What you will do » Each line from the one containing "Kinky Cloth Asymmetrical Vent Long T-Shirt" to the end of the entries below must be restated exactly, and no other line should appear.

Given entries section start

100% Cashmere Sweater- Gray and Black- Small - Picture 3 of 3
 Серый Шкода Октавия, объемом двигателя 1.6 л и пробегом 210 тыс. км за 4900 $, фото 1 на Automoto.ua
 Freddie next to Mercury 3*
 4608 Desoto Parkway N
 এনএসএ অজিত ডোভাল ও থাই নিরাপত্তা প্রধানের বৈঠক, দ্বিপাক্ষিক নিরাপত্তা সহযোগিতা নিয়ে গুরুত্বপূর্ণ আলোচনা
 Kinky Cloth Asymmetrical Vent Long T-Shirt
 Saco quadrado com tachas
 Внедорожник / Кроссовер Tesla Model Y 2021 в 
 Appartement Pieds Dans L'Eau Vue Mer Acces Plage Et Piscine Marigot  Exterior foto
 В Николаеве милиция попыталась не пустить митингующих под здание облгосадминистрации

Given entries section end

Exercise result »
 Kinky Cloth Asymmetrical Vent Long T-Shirt
 Saco quadrado com tachas
 Внедорожник / Кроссовер Tesla Model Y 2021 в 
 Appartement Pieds Dans L'Eau Vue Mer Acces Plage Et Piscine Marigot  Exterior foto
 В Николаеве милиция попыталась не пустить митингующих под здание облгосадминистрации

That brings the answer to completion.